この世界には多くの苦難があるが、もしその苦難を全て楽しめる男がいたならば苦難は苦難ではなくなる。辛い事や悲しみも全て愉しむ事が出来たならば、その人間には不幸がない。一生においてより幸福になった量が多いほうが人生の勝者というのならば、その人物は紛れもく勝者なのだろう。











「そらそらそらァ! 能力なくなりゃ役立たずかコラっ!」

 三十人の木原数多の猛攻を垣根は魔術を駆使して躱していく。
 口には出さないものの超能力が封じられたのは痛い。能力無しでも垣根は魔術を使い百人の雑魚くらいなら殲滅できる自信はあるが、相手はあろうことか垣根と同じ『未元物質(ダークマター)』を使う相手。しかも三十人。
 流石に幾らEqu.DarkMatterを埋め込まれているとはいえ垣根以上に未元物質を扱えるとは思えないが、木原数多は優れた研究者でもある。その演算力は非常に高い。どこぞの馬の骨より遥かに未元物質を扱えるだろう。

「誰が役立たずだって、この出来損ないの乱造品がっ!」

 もし木原数多がサイボーグなら電流を操る事で回線を狂わせられるかもしれない。
 最初は小手調べ。垣根は手から雷撃を放つ。しかし雷撃は木原の手からノッペリとした未元物質の鞭のようなものが出てきて絡め取られてしまう。
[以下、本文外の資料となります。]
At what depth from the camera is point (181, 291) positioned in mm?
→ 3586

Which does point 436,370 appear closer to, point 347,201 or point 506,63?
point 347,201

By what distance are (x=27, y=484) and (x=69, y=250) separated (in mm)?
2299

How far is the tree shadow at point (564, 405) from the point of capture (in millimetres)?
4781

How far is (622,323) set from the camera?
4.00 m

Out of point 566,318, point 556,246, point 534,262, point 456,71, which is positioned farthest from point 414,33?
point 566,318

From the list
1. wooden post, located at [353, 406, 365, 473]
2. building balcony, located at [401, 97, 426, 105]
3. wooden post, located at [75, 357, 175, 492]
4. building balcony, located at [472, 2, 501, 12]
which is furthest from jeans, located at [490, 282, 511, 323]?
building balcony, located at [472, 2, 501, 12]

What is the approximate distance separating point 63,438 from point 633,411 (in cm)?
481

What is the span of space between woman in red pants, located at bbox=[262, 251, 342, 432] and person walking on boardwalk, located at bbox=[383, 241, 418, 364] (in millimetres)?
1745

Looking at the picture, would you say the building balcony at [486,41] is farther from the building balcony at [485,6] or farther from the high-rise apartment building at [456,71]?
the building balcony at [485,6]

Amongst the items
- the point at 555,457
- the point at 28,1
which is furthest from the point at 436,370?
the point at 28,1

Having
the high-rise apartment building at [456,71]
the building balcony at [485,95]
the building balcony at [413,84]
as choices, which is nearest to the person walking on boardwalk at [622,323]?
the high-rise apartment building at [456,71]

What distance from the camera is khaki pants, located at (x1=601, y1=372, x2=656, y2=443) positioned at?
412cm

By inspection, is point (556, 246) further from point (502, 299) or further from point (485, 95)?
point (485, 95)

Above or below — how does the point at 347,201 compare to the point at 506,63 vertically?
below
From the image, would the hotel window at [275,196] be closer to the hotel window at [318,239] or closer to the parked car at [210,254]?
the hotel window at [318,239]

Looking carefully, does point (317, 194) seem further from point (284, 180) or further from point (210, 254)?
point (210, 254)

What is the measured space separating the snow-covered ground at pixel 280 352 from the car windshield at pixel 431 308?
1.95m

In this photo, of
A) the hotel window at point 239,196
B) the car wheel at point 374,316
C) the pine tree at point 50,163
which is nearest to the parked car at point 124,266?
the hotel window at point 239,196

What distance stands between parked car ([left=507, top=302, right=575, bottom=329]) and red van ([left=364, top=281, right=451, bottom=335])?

「そいつがアレイスターの言ってた魔術かぁ! 面白い手品だなおい! 思わずバラしちまいたくなるぜぇ!」

「アレイスターが魔術を……! まぁ、科学サイドの頂点だ。こっち側の技術について知ってても変じゃねえか」

 兎に角、数を減らさなければならない。
 垣根は冷静に互いの戦力差を推察する。木原弟達(キハラ・ブラザーズ)の総数は30。しかも身体を改造されているせいか身体能力も非常に高く対能力者との戦いを熟知している。これにEqu.DarkMatterが加わっているとなると強敵と言わざるを得ない。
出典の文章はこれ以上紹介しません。